A plan existed to bring the 1968 Olympic Games to Berlin, which was divided by then East and West Germany, a sports historian said Saturday. But the Allies, along with the West German government, would not allow it.

Christopher Young, who also heads German studies at the University of Cambridge, told the online edition of daily newspaper Der Tagesspiegel that the idea was the brainchild of eventual Chancellor Willy Brandt.

"It was somewhat of a crazy idea of (the then-West German Olympic Committee head Willi) Daume and Willy Brandt, the governing mayor of West Berlin at the time," he said. "They wanted the Olympics in both halves of the city, but failed in their dream because of the allies, (the United States, Britain, France and the Soviet Union).

Munich precursor

He said the failed Berlin bid is what led to the Games eventually being awarded to Munich in 1972.

"Munich was second choice, where Brandt's political party friend Hans-Jochen Vogel was mayor," Young said. "Daume first asked him if he sitting down, then told him he wanted the get the Games in Munich. Vogel was inspired. He saw a chance for urban development and of course a chance for his career. Three month later, everything had been approved."

Former German chancellor Willy Brandt

As West Berlin's mayor, Brandt wanted his city to host the Olympics

Young, author of the book "The 1972 Munich Olympics," suggested that German officials stepped up their sports development aid for Africa in order to get the Munich Games.

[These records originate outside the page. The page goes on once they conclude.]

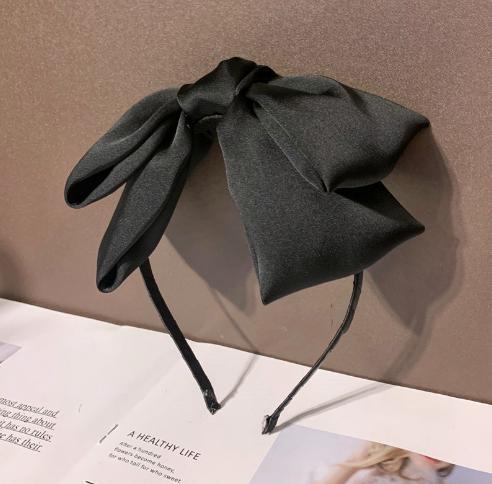 リボン カチューシャ ブラック サテン ビッグリボン 韓国 ヘア リボン カチューシャ ブラック サテン ビッグリボン 韓国 ヘア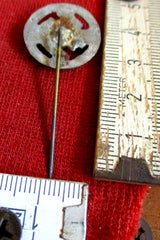 Stahlhelm Abzeichen Anstecknadel mit HK Freikorps aus einem alten Händlerbestand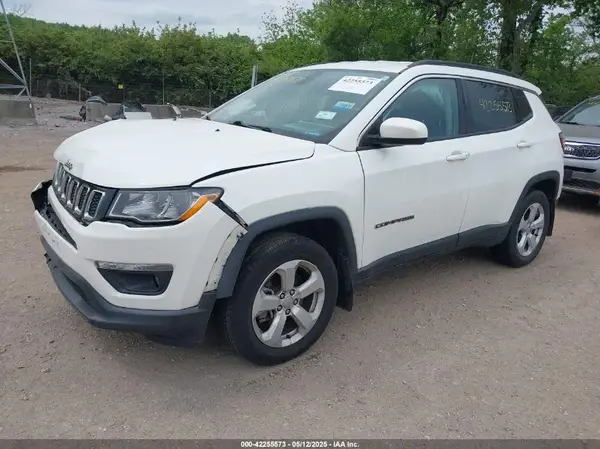 3C4NJDBB6JT142575 2018 JEEP COMPASS - Image 2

"At the time the world was divided into East and West, as was the International Olympic Committee," he said. "You had to fight for the votes of the Third World. The South Americans would vote for Madrid, this was clear, so the Germans concentrated on the Africans.

"Unofficial diplomats came to the fore, such as Alfred Ries, the president of football club Werder Bremen and long-time diplomat. Help was promised. Football trainers went to developing countries. Development aid for sport was tripled," he said in the interview.

African campaign

Young said state development aid was also ramped up in Germany's bid to bag the Olympics for Munich.

"The was a trip to Africa by President Heinrich Luebke in which financial agreements were made with Morocco," he told the Tagesspiegel. "Although it's believed this would have happened without the Olympics in the background, it nonetheless did not damage Germany's case.